Your goal: In the entries that follow, locate the line with "Nachlass Franz Steindachner, Notiz", then restate that line and all later lines exactly as they appear, leaving pictures out.

Data items:
----------

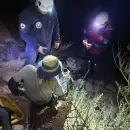 Rescataron a un hombre en un cerro de Cacheuta tras sufrir una fuerte ca�da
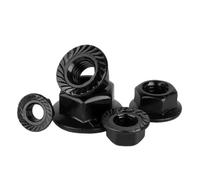 M3-M20 Black 304 Stianless Steel Hex Flange Insert Lock Nut(M8-3pcs)
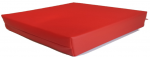 Spielpolster,Spielmatte,Bodenmatte,Kunstleder Rot 50x50x5 cm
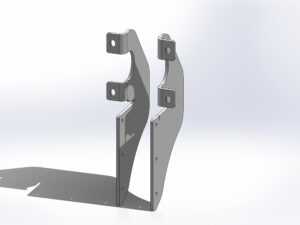 Peterbilt Battery Box Mounting Brackets - Internal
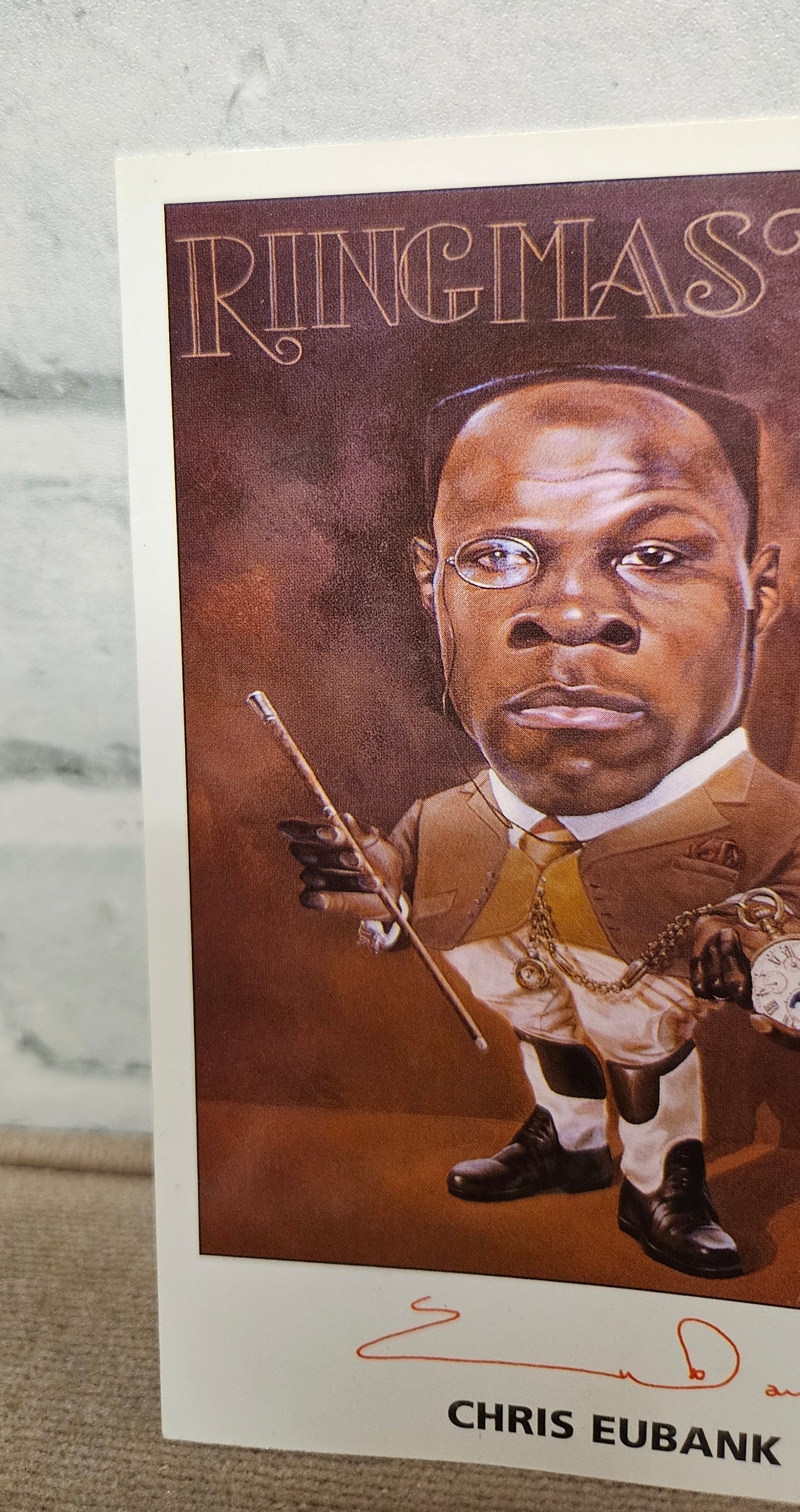 Chris Eubank 'Ringmaster' Signed Postcard (NOT AUTHENTICATED) - Image 3
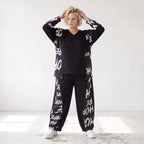 Ballonhose aus weichem Fleece mit Schnürbund und schmal zulaufendem Bein für den Winter
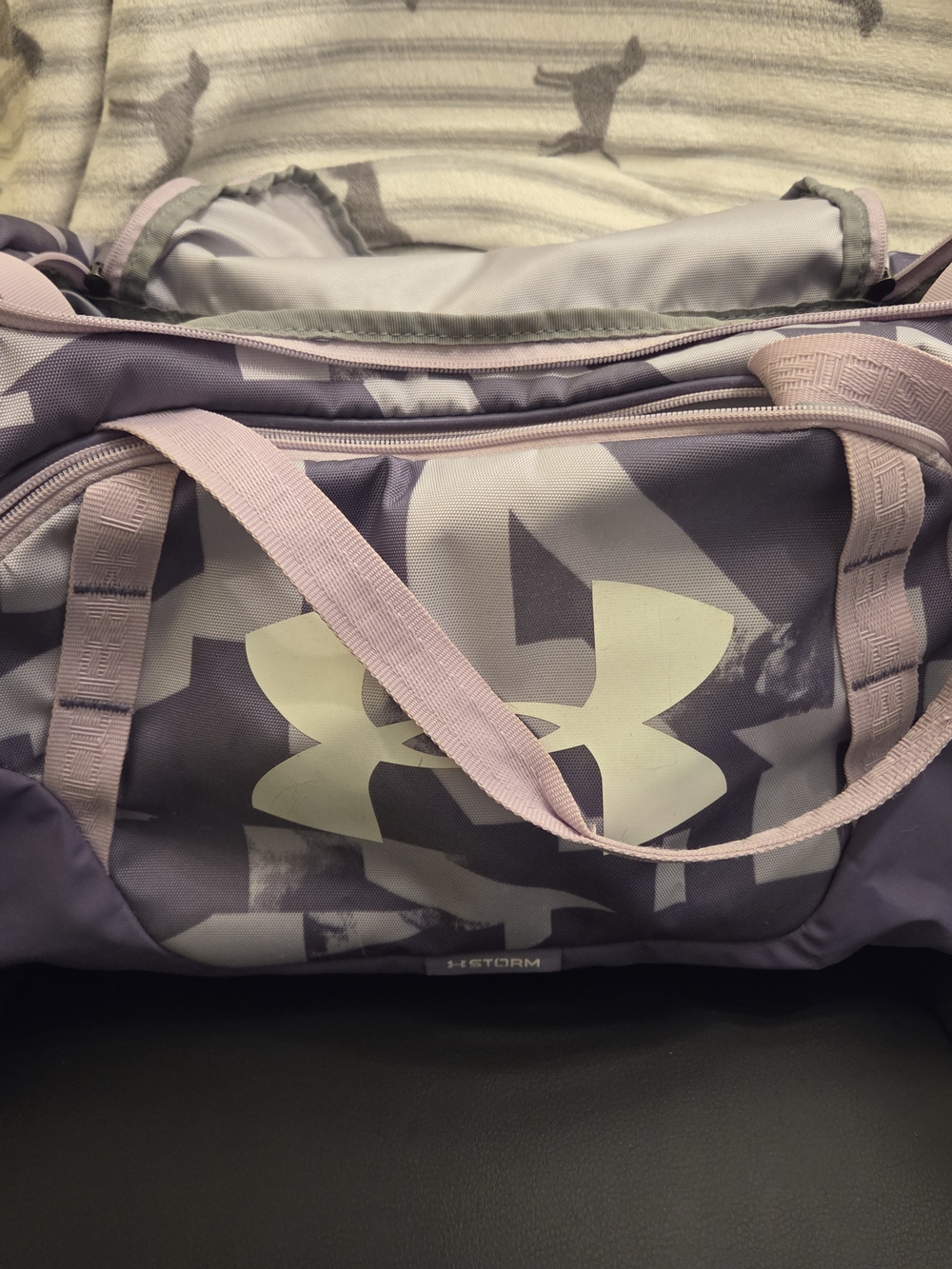 Under Armour Purple Camo Duffel Bag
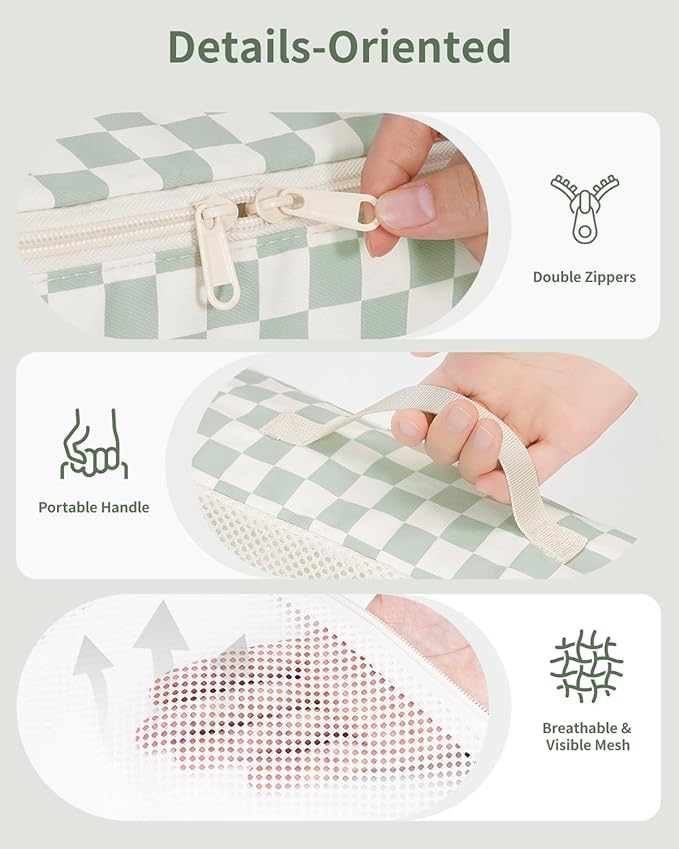 Narwey 7 Set Checkered Packing Cubes - Image 4
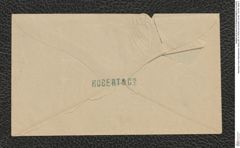 Nachlass Franz Steindachner, Notiz (29.10.1879) und Kuvert, Inv.Nr. 133.09, Seite 2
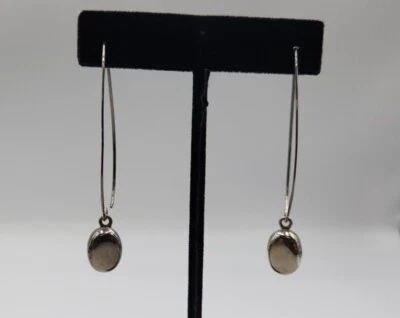 Silpada Sterling Silver Threader Bead Ball Dangle Modernist Earrings - Image 1 of 4
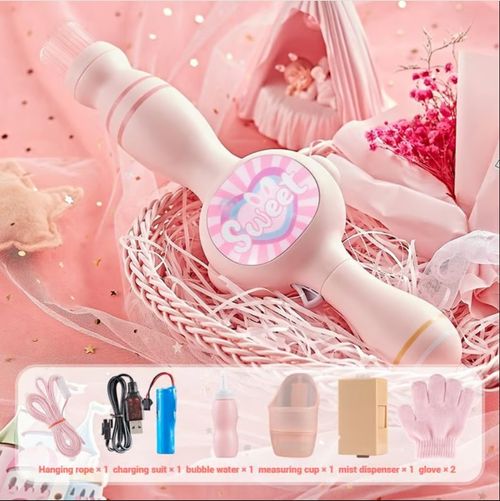 Machine à bulles de fumée infinie pour l'enfance Élastique magique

----------

Response to this exercise:
 Nachlass Franz Steindachner, Notiz (29.10.1879) und Kuvert, Inv.Nr. 133.09, Seite 2
 Silpada Sterling Silver Threader Bead Ball Dangle Modernist Earrings - Image 1 of 4
 Machine à bulles de fumée infinie pour l'enfance Élastique magique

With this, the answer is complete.